AP White House Correspondent

POSTED:
LAST UPDATED: 02:09 p.m. HST, Nov 12, 2011


Placing high hopes on the economic power of Pacific rim nations, President Barack Obama today declared the Asia-Pacific region the heart of explosive growth for years to come. For businesses, he said, “this is where the action’s going to be.”

Obama was in Hawaii courting Asian powers as he sought to improve the beleaguered American jobs outlook. His move comes as his administration has poured attention and capital into deepening relations with Asia as a source of trade, jobs and security ties.

“There is no region in the world that we consider more vital than the Asia-Pacific region,” he told chief executives gathered for a regional economic summit.

For the U.S., Obama’s outreach also reflects worries about Europe’s economic troubles and the need for the United States to tap the enormous base of potential consumers in the emerging nations of Asia.

Underscoring the region’s importance to the U.S., Obama today, as expected, announced the broad outlines of an agreement to create a transpacific trade zone encompassing the United States and eight other nations. He said details must still be worked out, but said the goal was to complete the deal by next year. ‘I’m confident we can get this done,” he said.

On a day of heavy diplomacy, the president also was looking to contain deepening worries over Iran amid a fresh U.N. atomic agency report that Iran is working secretly on a nuclear weapon.

On the sidelines of an Asia-Pacific economic summit, Obama met with Japanese Prime Minister Yoshihiko Noda and was to meet with Chinese President Hu Jintao and Russian President Dmitry Medvedev. The timing of the meetings with the Russian and Chinese leaders was particularly significant as Obama seeks to increase world pressure on Iran.

Obama postponed a three-way working dinner Sunday with Mexico President Felipe Calderon and Canadian Prime Minister Stephen Harper after Calderon had to skip the APEC summit due to the death of his secretary of Interior, Francisco Blake Mora, in a helicopter crash Friday.

Obama is the host of the APEC gathering, a non-binding forum that draws 21 nations from across a vast Asia-Pacific region. Obama chose to host the event in his home state of Hawaii to illustrate his ties and economic commitment to the Pacific region, although security threats may well dominate his private meetings. 

“The United States is a Pacific power and we’re here to stay,” Obama said.

He called the transpacific trade zone agreement a model for the Asia-Pacific region and for other trade pacts. Seated with the leaders of the eight other nations, Obama said the trade zone would increase U.S. exports and help create jobs, a top priority.

He said the U.S. is committed to shaping the future security and prosperity of what he called the “fastest growing region in the world.”

The eight countries joining the U.S. in the zone would be Australia, Brunei, Chile, Malaysia, New Zealand, Peru, Singapore and Vietnam. A central topic for Obama and Noda will be Japan’s interest in joining the trade bloc.

In a sign of potential tension with China, Mike Froman, a deputy national security adviser who focuses on international economic matters, shrugged off complaints from China that it had not been invited to join the trade bloc. He told reporters that China had not expressed interest in joining and said the trade group “is not something that one gets invited to. It’s something that one aspires to.”

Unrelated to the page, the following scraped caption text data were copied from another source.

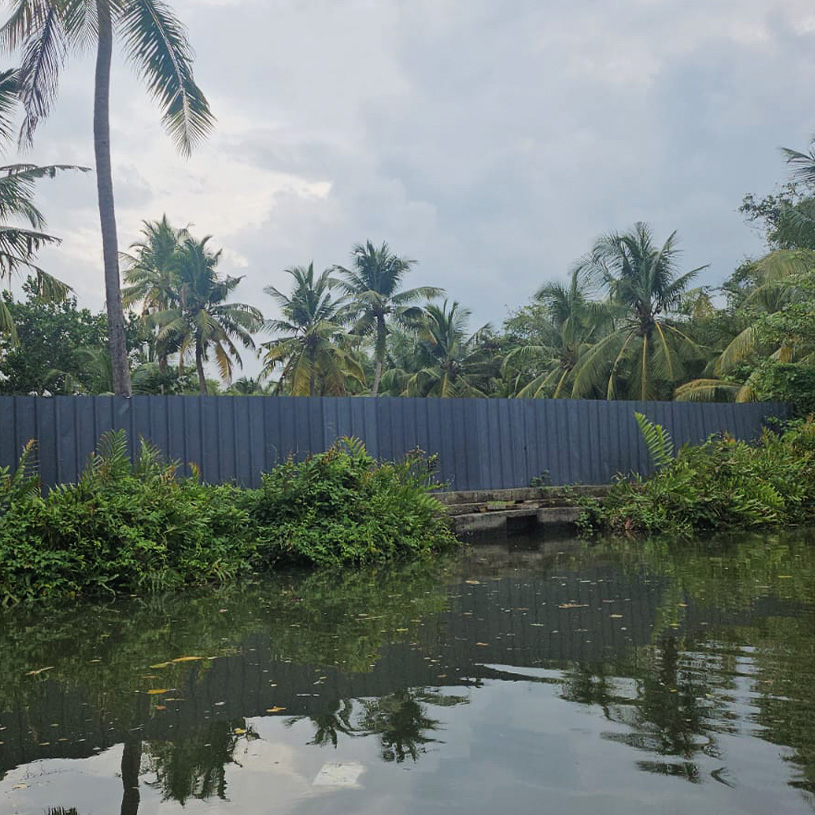 Mallie United Ventures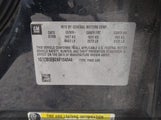 Chevrolet Malibu Ls 1G1ZB5EB2AF104344 снимка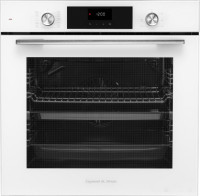 Духовой шкаф Zigmund &amp; Shtain E 156 W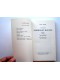 Ernst Jünger - Journal de guerre. "Strahlungen". Complet des 3 tomes.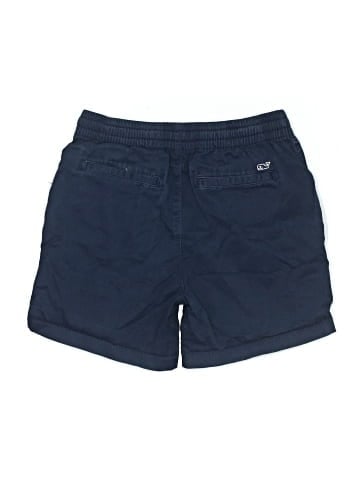 Vineyard Vines Shorts (view 2)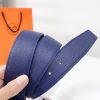 一目惚れ♪エルメス Hベルト コピー☆ベルトバックル ミニ コンスタンス リバーシブルベルト38mm ere80041 - 画像 (6)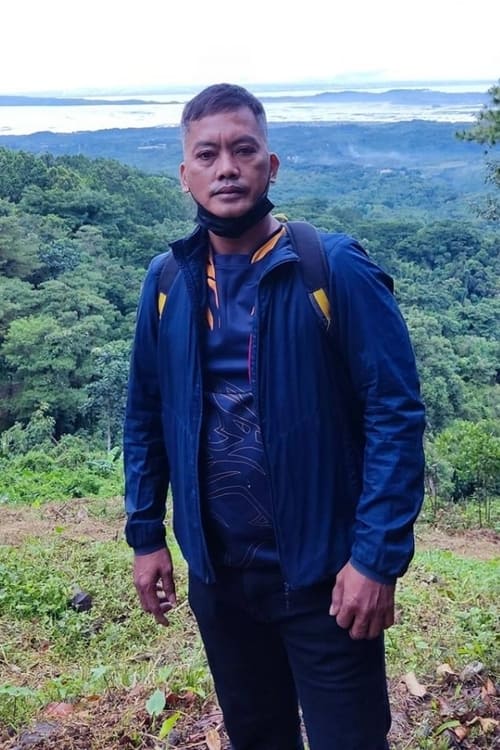 Тирсо Толентино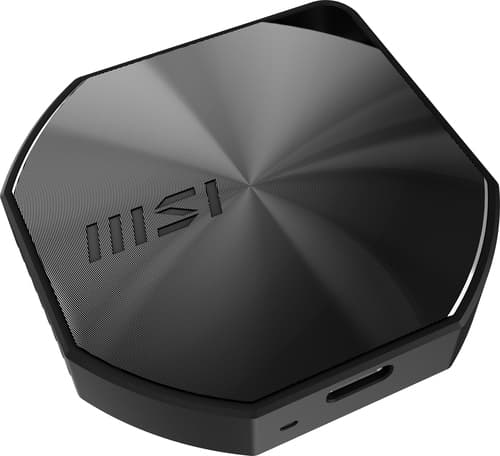 DATAMAG 20GBPS 2TB — view 7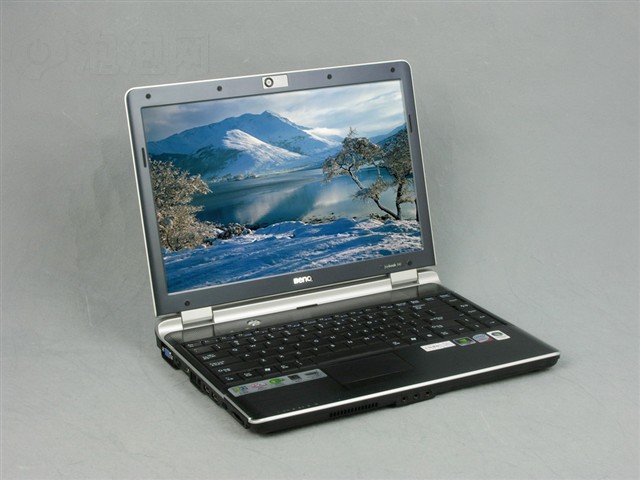 ����Joybook S42(T9500)�ʼǱ� ����鿴��һ��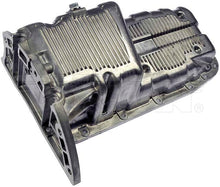 Charger l'image dans la galerie, 264-339 Engine Oil Pan Dorman - OE Solutions Canada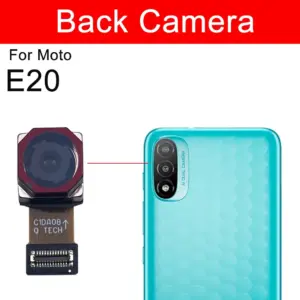 Motorola Flex Cable Compatible with Multiple Models 17 Sfd694285ffa246eaa402f13f8dee6182H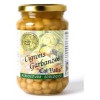 Cal Valls Garbanzos Cocidos Eco 220G
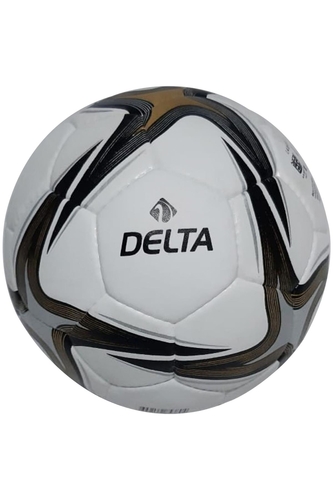 Delta Super League El Dikişli 4 Numara Dura-Strong Futbol Topu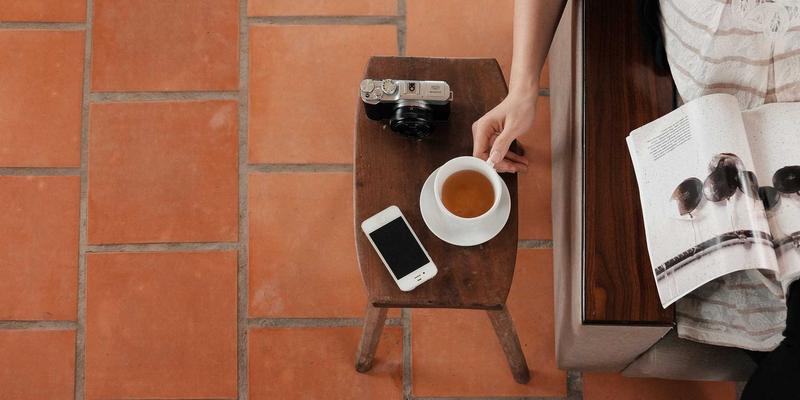 汤唯 色戒 架构实拍图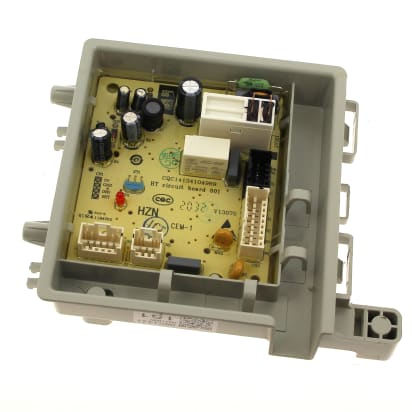 Modulo di alimentazione 0021800151 image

That pact and its potential payoff for U.S. jobs and business will allow Obama to cast his far-flung travels as crucial to American voters with an election year approaching and concerns of domestic voters centered on the dragging economy. Obama also was to meet with U.S. business leaders Saturday to highlight the importance for interests back home of the Asia-Pacific region. 

Addressing the European debt crisis, Obama said he welcomed the new governments being formed in Greece and Italy, saying they should help calm world financial markets. He said leaders in both countries are demonstrating a commitment to “structural reform” that should give investors confidence. Obama said all of Europe should back the 17 eurozone members in their efforts to resolve their debt crisis — and warned until that’s resolved, they’ll will have a “dampening effect” on the global economy.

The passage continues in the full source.